Women across the Middle East and North Africa are rapidly reshaping the regional investment landscape, moving from passive wealth holders to active and strategic market participants. In recent years, women’s control of capital has risen sharply across the region, driving a wave of new investment activity and more deliberate financial decision‑making.
“Across the Mena region, women’s wealth has shown unprecedented growth over recent years. More women than ever are building businesses, advancing in their careers, inheriting assets and choosing to invest,” said Liam Sheena, Head of Wealth Planning Middle East at Julius Baer. His assessment reflects a structural change in how women approach long‑term financial security and portfolio management.
According to data from Julius Baer, women now account for 18 per cent of investors in Mena and represent 24 per cent of all newly onboarded clients at regional investment firms — a share that places the region ahead of several advanced markets. This signals not only growing financial capability but also increasing confidence in navigating investment opportunities.
A global trend: Rising participation and rising intent
According to Charu Chanana, Chief Investment Strategy at Saxo Bank, the surge in women investors is part of a broader global pattern.
“The global trend is clearly one of rising participation, but also rising confidence and intentionality. More women are entering financial markets, staying invested for longer, and increasingly viewing investing not just as a way to build wealth, but also as a way to express their values.”
This shift toward long‑term, thematic and values‑aligned investing has been particularly visible in Mena, where women are deploying capital with clearer objectives — from financial independence to responsible investing and legacy planning.

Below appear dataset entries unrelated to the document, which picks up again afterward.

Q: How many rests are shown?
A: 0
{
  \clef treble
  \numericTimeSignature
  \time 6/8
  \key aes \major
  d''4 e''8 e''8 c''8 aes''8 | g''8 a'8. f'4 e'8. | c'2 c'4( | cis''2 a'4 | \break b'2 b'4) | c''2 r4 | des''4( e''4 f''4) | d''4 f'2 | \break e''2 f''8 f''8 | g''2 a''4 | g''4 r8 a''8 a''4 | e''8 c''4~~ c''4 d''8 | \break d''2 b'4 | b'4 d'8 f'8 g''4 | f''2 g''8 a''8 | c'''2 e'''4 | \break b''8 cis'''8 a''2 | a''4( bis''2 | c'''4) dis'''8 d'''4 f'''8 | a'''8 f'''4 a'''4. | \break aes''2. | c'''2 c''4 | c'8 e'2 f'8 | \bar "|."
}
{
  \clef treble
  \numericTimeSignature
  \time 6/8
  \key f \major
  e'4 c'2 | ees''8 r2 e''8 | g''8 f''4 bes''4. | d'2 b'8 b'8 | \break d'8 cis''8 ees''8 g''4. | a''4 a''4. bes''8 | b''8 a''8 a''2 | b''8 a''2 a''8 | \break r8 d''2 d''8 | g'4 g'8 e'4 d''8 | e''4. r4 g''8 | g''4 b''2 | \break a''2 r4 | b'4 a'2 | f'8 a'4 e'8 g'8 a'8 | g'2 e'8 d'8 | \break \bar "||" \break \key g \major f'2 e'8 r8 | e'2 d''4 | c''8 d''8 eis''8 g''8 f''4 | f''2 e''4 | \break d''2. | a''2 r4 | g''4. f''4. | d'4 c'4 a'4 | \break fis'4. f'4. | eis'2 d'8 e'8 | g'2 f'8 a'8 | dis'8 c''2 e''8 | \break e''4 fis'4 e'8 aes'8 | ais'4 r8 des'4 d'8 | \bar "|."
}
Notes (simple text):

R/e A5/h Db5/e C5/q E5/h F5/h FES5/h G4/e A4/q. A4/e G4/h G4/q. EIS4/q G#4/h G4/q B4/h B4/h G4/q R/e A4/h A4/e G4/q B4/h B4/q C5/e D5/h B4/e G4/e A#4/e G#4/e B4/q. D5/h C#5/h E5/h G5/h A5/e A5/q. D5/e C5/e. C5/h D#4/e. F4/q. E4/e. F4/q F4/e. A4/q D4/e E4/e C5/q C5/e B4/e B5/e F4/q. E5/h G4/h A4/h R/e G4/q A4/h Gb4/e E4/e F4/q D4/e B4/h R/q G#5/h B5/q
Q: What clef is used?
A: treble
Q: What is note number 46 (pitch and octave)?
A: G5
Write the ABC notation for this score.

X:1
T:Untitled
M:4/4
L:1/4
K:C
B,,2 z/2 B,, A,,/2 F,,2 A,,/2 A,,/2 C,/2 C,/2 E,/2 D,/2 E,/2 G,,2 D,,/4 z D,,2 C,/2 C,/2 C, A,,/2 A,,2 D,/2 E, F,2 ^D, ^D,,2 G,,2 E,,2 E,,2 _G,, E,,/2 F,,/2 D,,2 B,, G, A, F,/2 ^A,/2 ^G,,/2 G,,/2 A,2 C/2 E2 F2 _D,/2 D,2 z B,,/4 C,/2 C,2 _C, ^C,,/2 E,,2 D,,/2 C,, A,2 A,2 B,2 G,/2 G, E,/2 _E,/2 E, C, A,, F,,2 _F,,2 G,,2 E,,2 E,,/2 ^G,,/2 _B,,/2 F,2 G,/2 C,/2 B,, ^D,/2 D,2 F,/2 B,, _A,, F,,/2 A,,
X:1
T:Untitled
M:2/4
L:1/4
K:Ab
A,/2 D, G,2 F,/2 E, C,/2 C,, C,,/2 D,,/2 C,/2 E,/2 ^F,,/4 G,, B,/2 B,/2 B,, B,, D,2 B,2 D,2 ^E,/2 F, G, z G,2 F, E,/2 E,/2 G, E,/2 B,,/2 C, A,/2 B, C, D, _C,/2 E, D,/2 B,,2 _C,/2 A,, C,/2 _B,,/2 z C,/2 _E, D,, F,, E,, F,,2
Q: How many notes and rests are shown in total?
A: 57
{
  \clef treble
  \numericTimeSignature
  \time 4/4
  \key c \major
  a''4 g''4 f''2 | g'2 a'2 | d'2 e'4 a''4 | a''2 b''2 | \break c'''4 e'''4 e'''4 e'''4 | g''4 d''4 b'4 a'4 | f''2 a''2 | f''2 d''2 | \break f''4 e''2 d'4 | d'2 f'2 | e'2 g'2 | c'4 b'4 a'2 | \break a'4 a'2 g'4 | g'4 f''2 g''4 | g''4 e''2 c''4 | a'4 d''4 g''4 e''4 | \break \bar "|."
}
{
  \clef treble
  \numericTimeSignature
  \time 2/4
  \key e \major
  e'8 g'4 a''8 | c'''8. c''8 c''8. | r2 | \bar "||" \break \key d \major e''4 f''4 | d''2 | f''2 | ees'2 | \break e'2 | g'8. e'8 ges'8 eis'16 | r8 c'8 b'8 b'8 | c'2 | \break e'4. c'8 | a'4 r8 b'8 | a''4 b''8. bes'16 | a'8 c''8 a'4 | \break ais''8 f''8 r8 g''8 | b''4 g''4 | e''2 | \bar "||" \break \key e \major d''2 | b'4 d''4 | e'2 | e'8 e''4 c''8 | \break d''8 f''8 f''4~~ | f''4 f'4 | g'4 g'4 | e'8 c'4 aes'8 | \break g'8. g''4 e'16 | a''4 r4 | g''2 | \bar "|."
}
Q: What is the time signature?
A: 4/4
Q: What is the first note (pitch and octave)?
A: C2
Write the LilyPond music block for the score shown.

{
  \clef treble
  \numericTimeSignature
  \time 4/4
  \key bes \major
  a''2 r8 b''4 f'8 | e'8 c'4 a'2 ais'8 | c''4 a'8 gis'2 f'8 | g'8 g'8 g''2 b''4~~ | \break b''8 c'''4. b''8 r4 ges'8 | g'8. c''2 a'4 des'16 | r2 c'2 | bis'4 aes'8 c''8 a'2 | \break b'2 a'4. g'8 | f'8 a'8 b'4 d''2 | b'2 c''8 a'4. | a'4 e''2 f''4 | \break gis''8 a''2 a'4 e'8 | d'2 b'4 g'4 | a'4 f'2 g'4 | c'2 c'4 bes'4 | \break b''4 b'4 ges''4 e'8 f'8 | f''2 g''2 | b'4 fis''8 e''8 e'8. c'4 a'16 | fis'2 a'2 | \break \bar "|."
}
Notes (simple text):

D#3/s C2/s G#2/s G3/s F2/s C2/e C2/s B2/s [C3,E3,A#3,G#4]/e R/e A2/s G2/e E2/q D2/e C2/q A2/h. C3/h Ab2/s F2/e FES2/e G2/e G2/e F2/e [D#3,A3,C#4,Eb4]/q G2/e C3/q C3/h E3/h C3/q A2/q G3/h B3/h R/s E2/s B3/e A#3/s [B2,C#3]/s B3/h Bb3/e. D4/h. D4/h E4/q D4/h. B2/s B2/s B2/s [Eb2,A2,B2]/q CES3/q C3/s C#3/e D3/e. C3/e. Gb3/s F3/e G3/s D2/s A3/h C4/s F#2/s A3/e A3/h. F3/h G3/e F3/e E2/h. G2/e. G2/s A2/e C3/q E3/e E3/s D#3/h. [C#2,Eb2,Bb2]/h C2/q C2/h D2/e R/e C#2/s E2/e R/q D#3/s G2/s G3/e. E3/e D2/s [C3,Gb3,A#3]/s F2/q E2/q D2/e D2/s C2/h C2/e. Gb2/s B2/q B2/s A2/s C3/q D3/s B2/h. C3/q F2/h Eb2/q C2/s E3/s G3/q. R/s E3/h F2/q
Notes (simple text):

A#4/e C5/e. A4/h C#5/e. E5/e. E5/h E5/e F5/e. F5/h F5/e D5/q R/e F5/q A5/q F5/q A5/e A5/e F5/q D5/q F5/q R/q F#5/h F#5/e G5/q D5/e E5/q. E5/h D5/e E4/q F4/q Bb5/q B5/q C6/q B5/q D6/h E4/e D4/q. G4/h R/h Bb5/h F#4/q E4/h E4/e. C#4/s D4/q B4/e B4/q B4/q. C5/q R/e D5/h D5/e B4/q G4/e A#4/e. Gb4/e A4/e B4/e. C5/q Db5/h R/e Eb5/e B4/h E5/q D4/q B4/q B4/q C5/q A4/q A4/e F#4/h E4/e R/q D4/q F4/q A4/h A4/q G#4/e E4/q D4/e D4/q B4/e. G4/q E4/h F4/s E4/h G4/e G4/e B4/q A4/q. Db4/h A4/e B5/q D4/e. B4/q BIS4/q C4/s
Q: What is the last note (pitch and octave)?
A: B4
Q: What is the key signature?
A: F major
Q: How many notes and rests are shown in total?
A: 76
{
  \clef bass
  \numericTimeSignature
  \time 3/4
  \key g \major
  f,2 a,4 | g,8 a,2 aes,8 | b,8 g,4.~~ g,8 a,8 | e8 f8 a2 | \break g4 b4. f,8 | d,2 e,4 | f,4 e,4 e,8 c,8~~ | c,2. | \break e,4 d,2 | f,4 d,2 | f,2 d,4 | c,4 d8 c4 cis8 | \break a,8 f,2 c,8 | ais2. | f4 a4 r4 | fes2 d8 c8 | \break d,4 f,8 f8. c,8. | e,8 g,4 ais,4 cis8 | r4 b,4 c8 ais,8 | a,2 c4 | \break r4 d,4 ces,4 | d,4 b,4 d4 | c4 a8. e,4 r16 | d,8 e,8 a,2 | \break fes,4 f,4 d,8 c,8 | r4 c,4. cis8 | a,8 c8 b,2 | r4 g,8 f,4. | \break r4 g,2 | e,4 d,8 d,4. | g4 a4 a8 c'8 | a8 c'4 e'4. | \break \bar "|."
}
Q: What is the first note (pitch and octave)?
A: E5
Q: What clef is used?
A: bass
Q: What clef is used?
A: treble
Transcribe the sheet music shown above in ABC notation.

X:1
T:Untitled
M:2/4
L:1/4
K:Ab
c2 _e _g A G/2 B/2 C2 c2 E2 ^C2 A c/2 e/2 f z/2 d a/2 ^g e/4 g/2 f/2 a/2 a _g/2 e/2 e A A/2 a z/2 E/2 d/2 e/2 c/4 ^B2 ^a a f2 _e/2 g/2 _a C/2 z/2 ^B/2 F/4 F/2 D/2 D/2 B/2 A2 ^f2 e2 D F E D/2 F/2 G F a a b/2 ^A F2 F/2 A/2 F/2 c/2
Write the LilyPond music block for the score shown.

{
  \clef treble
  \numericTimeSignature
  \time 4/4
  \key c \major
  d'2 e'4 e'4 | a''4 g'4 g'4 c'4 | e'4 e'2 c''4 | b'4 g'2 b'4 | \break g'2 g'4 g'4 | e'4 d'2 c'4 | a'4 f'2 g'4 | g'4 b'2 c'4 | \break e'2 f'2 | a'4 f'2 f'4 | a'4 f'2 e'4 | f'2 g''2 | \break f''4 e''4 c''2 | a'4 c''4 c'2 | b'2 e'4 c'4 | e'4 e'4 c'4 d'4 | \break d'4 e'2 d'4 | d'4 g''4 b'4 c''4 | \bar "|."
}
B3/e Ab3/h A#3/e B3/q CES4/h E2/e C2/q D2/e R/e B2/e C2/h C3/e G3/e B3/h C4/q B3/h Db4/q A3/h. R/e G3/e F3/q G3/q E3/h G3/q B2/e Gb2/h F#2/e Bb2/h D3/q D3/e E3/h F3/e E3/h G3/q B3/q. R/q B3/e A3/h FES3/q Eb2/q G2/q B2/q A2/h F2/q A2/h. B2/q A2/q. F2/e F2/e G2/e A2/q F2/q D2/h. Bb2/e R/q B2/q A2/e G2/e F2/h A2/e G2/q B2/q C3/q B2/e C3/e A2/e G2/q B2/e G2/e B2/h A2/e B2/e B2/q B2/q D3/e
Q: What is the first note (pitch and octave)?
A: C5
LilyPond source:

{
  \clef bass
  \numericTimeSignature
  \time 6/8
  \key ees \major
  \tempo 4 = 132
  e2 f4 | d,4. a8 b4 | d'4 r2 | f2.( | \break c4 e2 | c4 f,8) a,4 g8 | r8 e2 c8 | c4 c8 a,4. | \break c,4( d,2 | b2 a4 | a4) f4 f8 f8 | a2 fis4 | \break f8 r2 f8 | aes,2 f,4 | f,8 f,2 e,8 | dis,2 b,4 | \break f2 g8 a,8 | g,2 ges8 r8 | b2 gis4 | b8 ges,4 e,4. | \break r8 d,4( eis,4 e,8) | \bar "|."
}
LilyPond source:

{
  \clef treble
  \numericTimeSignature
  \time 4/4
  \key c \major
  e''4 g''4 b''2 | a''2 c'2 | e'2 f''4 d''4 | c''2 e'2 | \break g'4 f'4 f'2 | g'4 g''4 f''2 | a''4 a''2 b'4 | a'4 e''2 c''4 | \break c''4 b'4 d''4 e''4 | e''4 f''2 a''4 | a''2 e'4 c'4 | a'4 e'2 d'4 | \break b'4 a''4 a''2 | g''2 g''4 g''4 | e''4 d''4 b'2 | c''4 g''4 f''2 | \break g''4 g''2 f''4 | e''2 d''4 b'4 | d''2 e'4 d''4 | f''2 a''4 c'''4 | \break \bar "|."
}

The mathematics of starting early
One of the biggest drivers of long‑term outcomes — especially for women — is beginning early. Women globally still face structural disadvantages: lower lifetime earnings and longer life expectancy translate into a greater need for retirement preparedness.
Chanana underscores the importance of time in the market: “Compounding is one of the most powerful forces in investing… The earlier someone starts, the more time they give their money to grow, recover from setbacks, and benefit from consistency.”
Starting early is not simply about growing wealth faster — it is about reducing financial vulnerability later in life.
Diversification: The critical next step
While women’s participation is climbing, portfolio construction remains the next major opportunity.
Regional data shows that women tend to be disciplined, methodical investors: they ask more questions, focus on long‑term impact, and avoid unnecessary risk. As Sheena notes, “When women take charge of their own investments, they are often thoughtful and disciplined… this behaviour can translate into strong results over time.”
Yet many still maintain portfolios concentrated in a small set of equities or familiar themes.
Chanana highlights the importance of broadening exposure. "Diversification starts by reducing concentration risk across assets, sectors, geographies, and income sources… a portfolio built around different return drivers tends to be more resilient when markets get noisy,” she said.
Charu Chanana, Chief Investment Strategist, Saxo Bank
Saxo Bank’s 2025 data underscores the payoff: women who adopted a multi‑asset strategy achieved returns 1.1 percentage points higher on average, and 12 percentage points more ended the year in positive territory compared with single‑asset investors.
These results underscore a strategic truth: diversification is not an advanced technique — it is a foundational one.
Practical steps: From single‑asset to multi‑asset
Chanana offers simple guidance for women looking to enhance portfolio structure without taking on unnecessary risk. “The easiest rule is to add a new asset class before adding the next stock… even one small addition in a different asset class can begin to make the portfolio more balanced,” she said.
This can take various forms:
* Stock‑only investors can add ETFs to gain broader sector or geographic exposure.
* Those holding stocks and ETFs can introduce bonds to stabilise returns during equity volatility.
* Investors focused on growth can integrate income‑oriented tools to smooth out market cycles.
This incremental, strategic diversification aligns naturally with women’s typical investment behaviour — research‑led, patient, and long‑term.
Growing Influence of women’s capital
Managing wealth directly is also closely tied to personal autonomy. Women increasingly describe wealth not in terms of net worth but in terms of freedom — the freedom to plan for children’s education, support ageing parents, build businesses, or participate in philanthropy.
Sheena emphasises that the barriers are rarely capability‑based: confidence and financial knowledge access are the real constraints. Once women engage, he says, clarity replaces uncertainty, and even mistakes become part of a purposeful learning curve.
Globally, the potential is vast: the World Economic Forum estimates $3.22 trillion could be unlocked if women invested at the same rate as men. As more capital is consciously allocated by women, more of the region’s investment flows may tilt toward sustainable businesses, inclusive employment and long‑term value creation.
A new phase: Portfolio power
The rise of women investors in Mena is no longer simply a matter of representation. They are entering markets earlier, investing more intentionally, and increasingly adopting more sophisticated portfolio strategies.
The next chapter will involve sustained financial success will come from smarter portfolio construction, broader diversification, and a continued shift toward informed, independent financial decision‑making, Chanana says.
Women in the region have already demonstrated they can outperform with discipline and long‑term focus. Now, the opportunity is to strengthen that foundation with portfolios built to thrive across full market cycles — not just in favourable moments.